5 Replies Latest reply on Oct 22, 2014 5:00 PM by Gregor

    Collective shutdown/startup

    marco.zoccoli
      Hi all, for some backup&restore test, I have to shutdown first,and later startup all 4 members of a collective (server primary, interface node primary, server secondary, interface node secodnary). Could you please indicate me the correct order to switch off and in a second moment switch on this 4 components? Best Regards, Marco
        • Re: Collective shutdown/startup
          Roger Palmen

          This being HA, it should not be a big issue whatever the order is, but to prevent unnecessary sync activities, i'd shutdown in this order:

          1. Interface secondary
          2. Interface primary
          3. Server secondary
          4. Server primary

          And restart in reverse order.

            • Re: Collective shutdown/startup
              marco.zoccoli

              Thanks a lot!

               

              Have a nice day,

               

              Marco

              • Re: Collective shutdown/startup

                Hello Marco & Roger,

                 

                The challenge here is to keep data loss at a minimum or to prevent it at all, if possible. Shutting down all nodes at the same time doesn't appear the right approach to me. Instead my idea would be to restart one node at time.

                 

                The interface nodes are critical to data collection. Under the assumptions that all interfaces are OSIsoft interfaces, all of them are of current versions, all connections are set up with UNIINT Interface level failover phase 2 and PI Buffer Subsystem properly being set up to buffer against both PI Data Archive nodes, I suggest finding out first what interface instances are currently in Primary role. UNIINT Interface level failover phase 2 uses a shared file and 7 PI tags to control failover functionality. Each member of a failover instance has an ID that should be unique system wide. If I recall correctly the ActiveID failover tag reports the active member of a failover pair and can as well be used to force a manual failover. I recommend confirming this with OSIsoft Technical support and also check if there's something interface specific. However, the first candidate for a restart would be the interface node with all instances in backup / standby mode. As soon as the node is restarted and back online again, verify with the PI Message Log (pipc.log with older interface versions) if all interface instances start properly and do not report any issues. Also verify that PI Buffer Subsystem is operational. Now promote all interface instance members on the restarted interface node as Primary, so the node that was restarted already becomes "Primary" and the remaining interface node becomes the backup node. Depending on different factors e.g. points assigned a failover can take some time and there's a chance some data becomes lost during the transition. The important thing however is that all interface instance members on a node are in backup state before restarting the machine.

                 

                I am not sure if we recommend restarting the Primary node or Secondary nodes of  a PI Data Archive node first. This is something Technical Support again might be a good resource for. There's just one known issue coming into my mind that you likely will run into with points serviced by PI Totalizer and PI Alarm Subsystem. Please see known issue # 19811OSI8. Tags however serviced by OSIsoft interfaces shouldn't suffer any data loss if PI Buffer Subsystem is set up properly because PI Buffer Subsystem maintains a separate queue for each PI HA Collective member and data becomes simply queued while a PI Data Archive node is unavailable. As soon as it becomes available again, PI Buffer Subsystem will reconnect and empty its queue.

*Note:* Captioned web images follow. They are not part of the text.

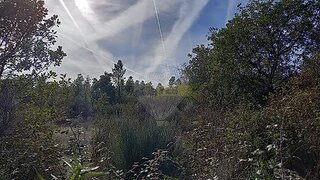 Land for sale in Penamacor, Portugal — €11,000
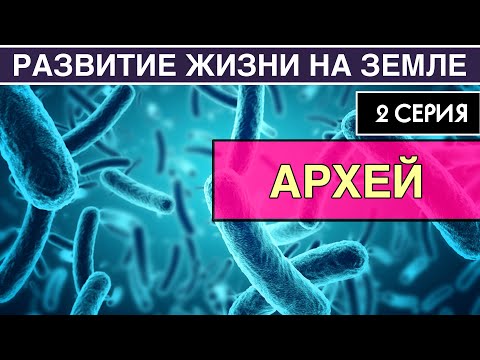 Видео: АРХЕЙ. Развитие жизни на Земле. 2 серия | Как появилась жизнь на Земле [NEW]
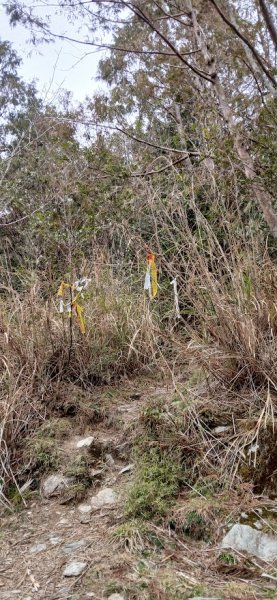 2025 3/1 三星山2723851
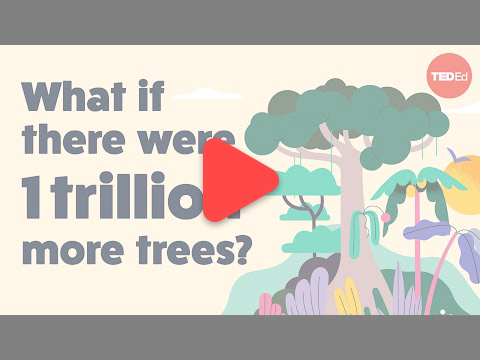 환경, 과학, 자연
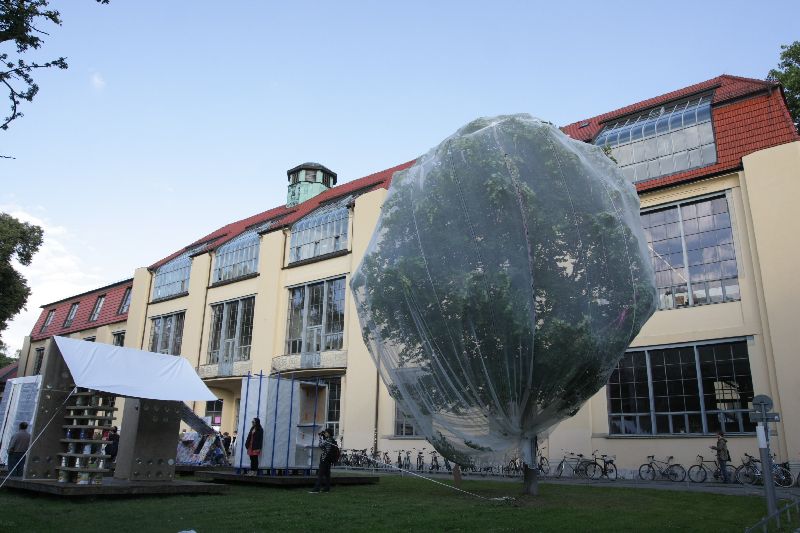 Bauhaus University Weimar Summaery 2012 catching insects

                  • Re: Collective shutdown/startup
                    Roger Palmen

                    Agree that if you don't want to loose data, you need a more careful approach.

                     

                    But if you want to do a restore, then in general you loose data that is not in the backup...

                     

                    Maybe it's good to have some explanation of what the test is trying to prove?

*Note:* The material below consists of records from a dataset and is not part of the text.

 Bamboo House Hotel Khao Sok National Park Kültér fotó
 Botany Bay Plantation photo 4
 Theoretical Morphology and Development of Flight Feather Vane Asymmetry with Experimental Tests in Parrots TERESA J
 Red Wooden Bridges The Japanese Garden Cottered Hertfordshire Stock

                      • Re: Collective shutdown/startup

                        Oups! Sorry Roger, I have overlooked the small little detail that this is intended to be a test.

                         

                        @Marco: What are you trying to achieve here? Are you backing up virtual machines? With regards to PI Data Archives the best recommendation to avoid disruption is using PI Backup but if your approach is really to backup complete VM's I suggest running at least 1 interface node that will buffer the data while the other 3 nodes are down and back up this interface node as soon as both PI Data Archives and the other Interface node is operational again. This way you should be able to avoid data gaps.